▶ _What is needed_: In the material below, pictures must be dropped. Repeat exactly, and only, the lines from the line with "Toyota Corolla GLI 1.6 Automatic Sedan" to the line with "OPEL ASTRA K", both ends included.

▶ _Supplied material_:
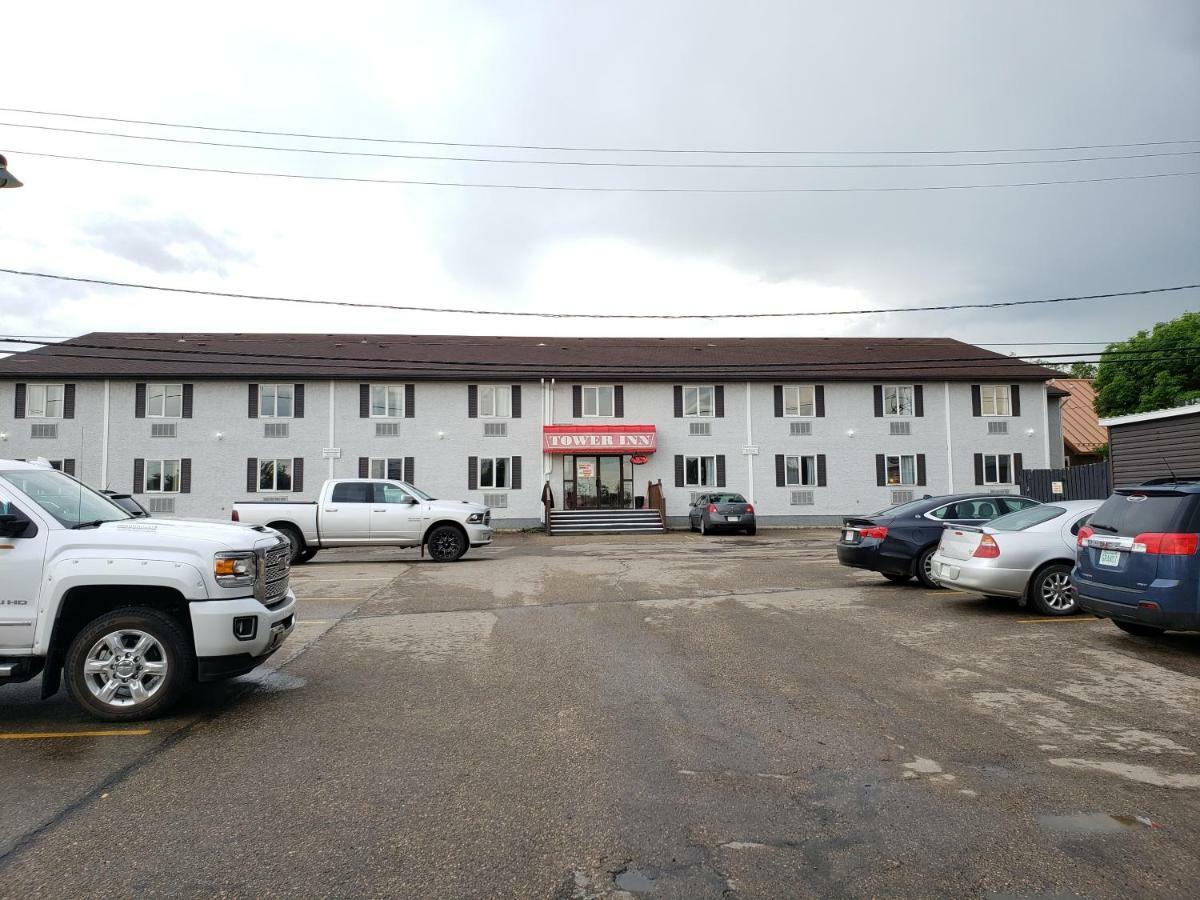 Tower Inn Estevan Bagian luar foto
...
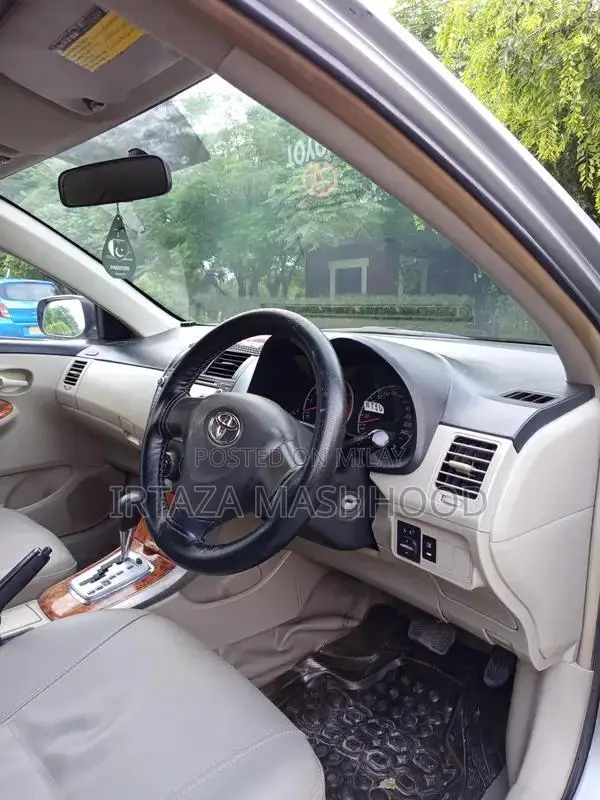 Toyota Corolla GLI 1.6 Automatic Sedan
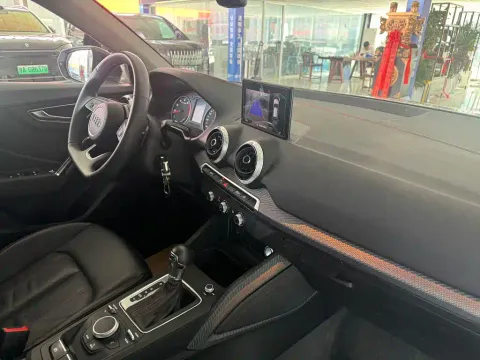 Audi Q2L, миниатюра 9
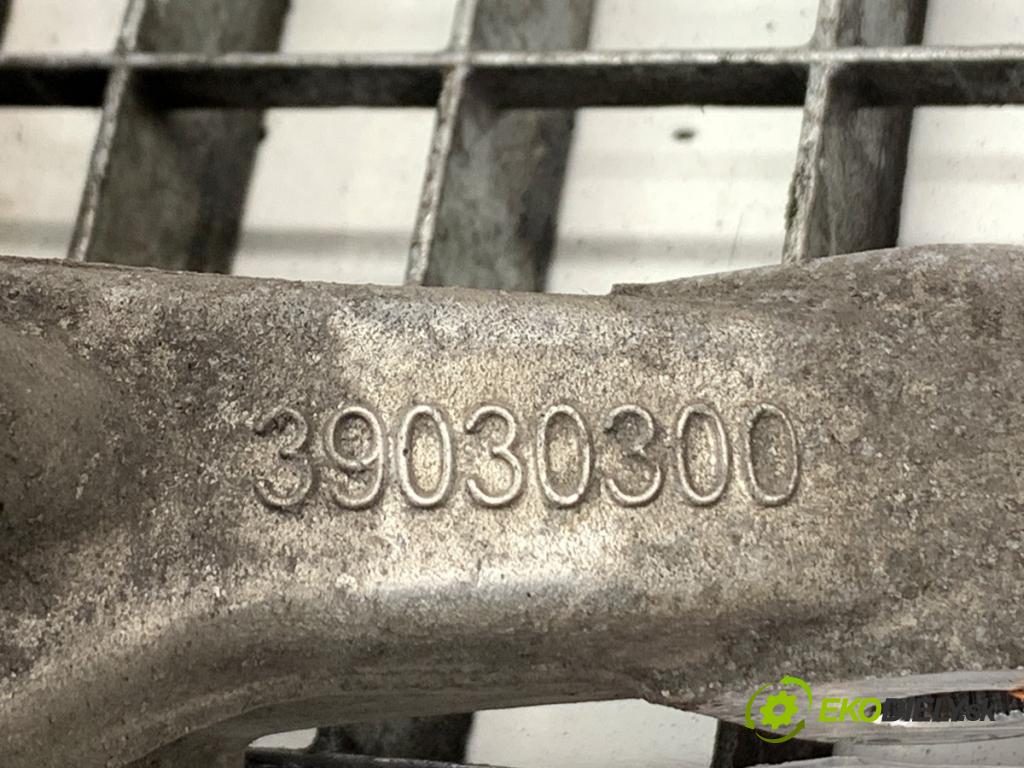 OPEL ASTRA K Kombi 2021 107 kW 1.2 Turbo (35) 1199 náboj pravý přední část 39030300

▶ _Response below_:
 Toyota Corolla GLI 1.6 Automatic Sedan
 Audi Q2L, миниатюра 9
 OPEL ASTRA K Kombi 2021 107 kW 1.2 Turbo (35) 1199 náboj pravý přední část 39030300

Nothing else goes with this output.